Après les premières vêpres et les complies, le préchantre de Sens conduisait dans les rues la bande joyeuse, précédée d’une énorme lanterne : on allait au grand théâtre dressé devant l’église : on y répétait les farces les plus indécentes. Le chant et la danse étaient terminés par des seaux d’eau que l’on jetait sur le corps du préchantre. L’office de la messe est du même genre que celui de la veille de Noël ; le prêtre disait à l’introït : puer natus est ; cantate evovæ.
Le pater et le credo sont une paraphrase du pater et du credo ordinaires ; tout y est relatif à la divine conception et à la nativité.
Evovæ remplace partout le mot Amen.
Les vêpres sont du même genre, et n’ont rien de particulier.
Le missel est terminé par trois épîtres, pour les fêtes de Saint Etienne, des Innocents et de Saint Jean ; l’une d’elles commence par ces mots : Ut queant laxis resonare fibris, etc., dont J.-J. Rousseau a fait graver la musique à la fin de son Dictionnaire.
La rubrique ad prandium, qui terminait les prières des premières et des secondes vêpres, prouve qu’après cet office on allait se mettre à table ; le répons contenait une invocation à Jésus-Christ et à la Sainte Vierge, pour exciter à la bonne chère et inspirer des propos joyeux. Mais si l’on y invitait à bien manger, on n’oubliait pas de bien boire, ainsi que cela est prouvé par cette rubrique, conductus ad poculum.
Le zèle et la piété de certains prélats, et la sagesse de nos parlements, ont cependant fait cesser ces véritables profanations, mais ce fut avec beaucoup de peine ; car on voit encore en 1511 un préchantre des fous, appelé Bissard, se permettre de faire tondre la barbe à la manière des comédiens, et de jouer quelque personnage dans la fête de la circoncision ; car cela lui fut défendu, parlant à sa personne, et la fête des fous n’eut pas lieu cette année.

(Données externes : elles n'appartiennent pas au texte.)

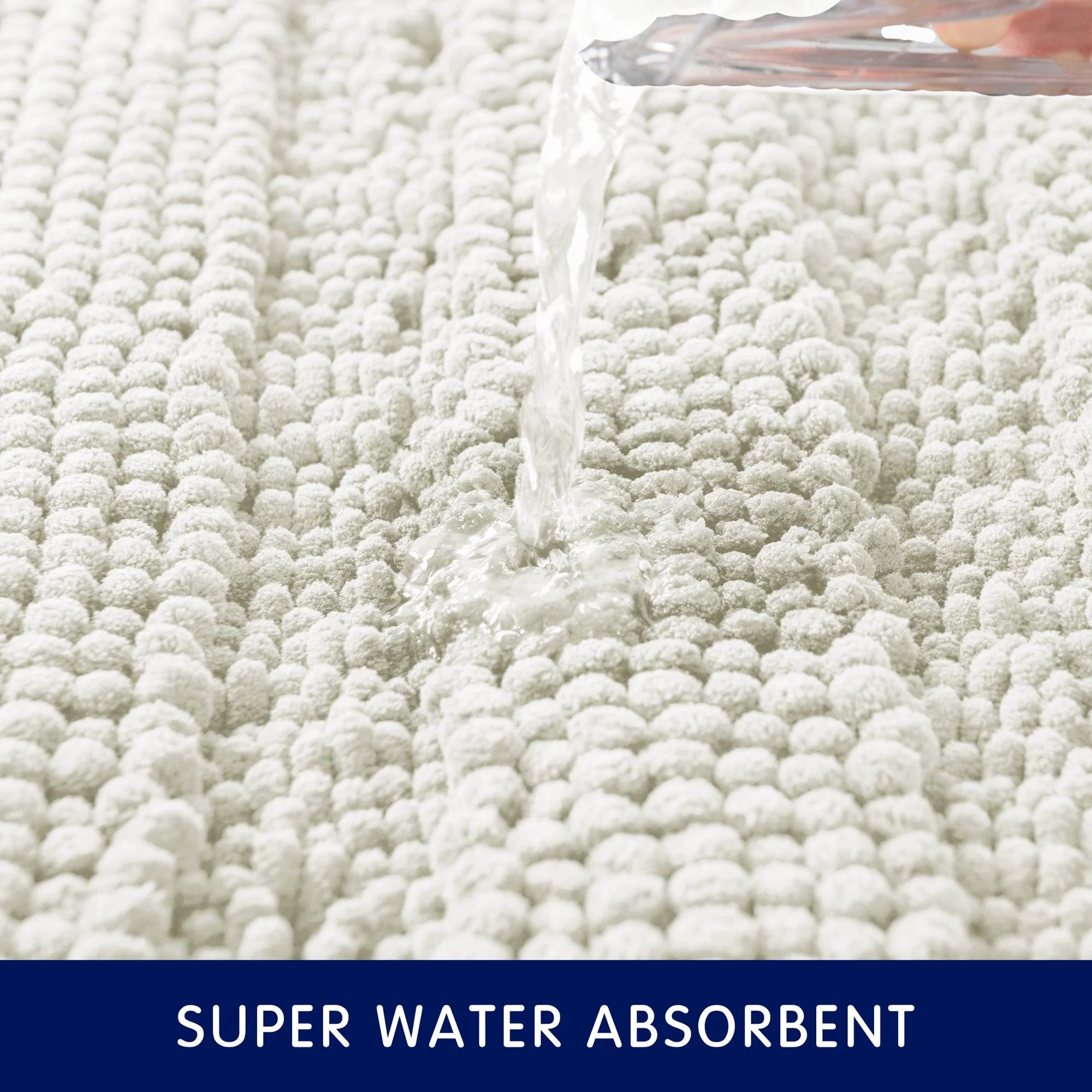 Soft 1-piece Luxury Chenille Striped Bathroom Rug, Ivory, 18" x 48", Large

A Beauvais, dans la fête de l’âne, l’introït, le kyrie eleison, le gloria in excelsis étaient toujours terminés par le cri, hin, han, qui imite celui de l’âne ; et à la fin de la messe, le prêtre se tournant vers le peuple, au lieu de dire l’ite, missa est, criait trois fois, hin, han, à quoi le peuple répondait de même et trois fois, au lieu du Deo gratias.
Fête de l’âne à Autun, dite aussi des fous ou des sous-diacres. Dans cette église on couvrait un âne d’un drap tissu d’or, dont les principaux chanoines portaient les quatre coins ; le reste du chapitre escortait l’âne en grande cérémonie. Plus la chose était ridicule en elle-même, plus on s’efforçait de la rendre pompeuse et magnifique ; et, par ce moyen, elle devenait encore plus ridicule aux yeux des gens sensés. Mais cet éclat et ce grand appareil en imposaient au vulgaire, et lui inspiraient du respect.
Fête des fous et de l’âne à Rouen. On dressait au milieu de la nef de l’église cathédrale de Rouen une fournaise avec du linge et des étoupes, et lorsqu’on avait chanté tierce, la procession commençait autour du cloître, et venait s’arrêter au milieu de l’église, au milieu des deux bandes qui représentaient, l’une les Juifs, l’autre les Gentils. Il y avait aussi une troupe d’ecclésiastiques grotesquement habillés, qui jouaient les prophètes de l’Ancien Testament, tels que Moïse, Aaron, Daniel, etc. ; venait ensuite Balaam monté sur son ânesse, qui s’efforçait à coups d’éperons de la faire avancer, mais un ecclésiastique glissé sous le ventre de l’ânesse disait pour elle à Balaam : Pourquoi me déchirez-vous ainsi avec l’éperon ? Sainte Elisabeth et S. Jean-Baptiste figuraient aussi dans cette scène extravagante, qui finissait par le simulacre de jeter dans la fournaise des jeunes gens qui s’étaient montrés rebelles aux ordres du roi Nabuchodonosor.
Voilà donc une ânesse introduite dans l’intérieur d’une église, et qui réunit autour d’elle des ecclésiastiques déguisés, qui remplissent des rôles mille fois plus ridicules, plus scandaleux que tout ce qui peut être représenté sur nos théâtres ! Cette mascarade était terminée par une sybille qui avait une couronne sur la tête, et qui lançait ses oracles.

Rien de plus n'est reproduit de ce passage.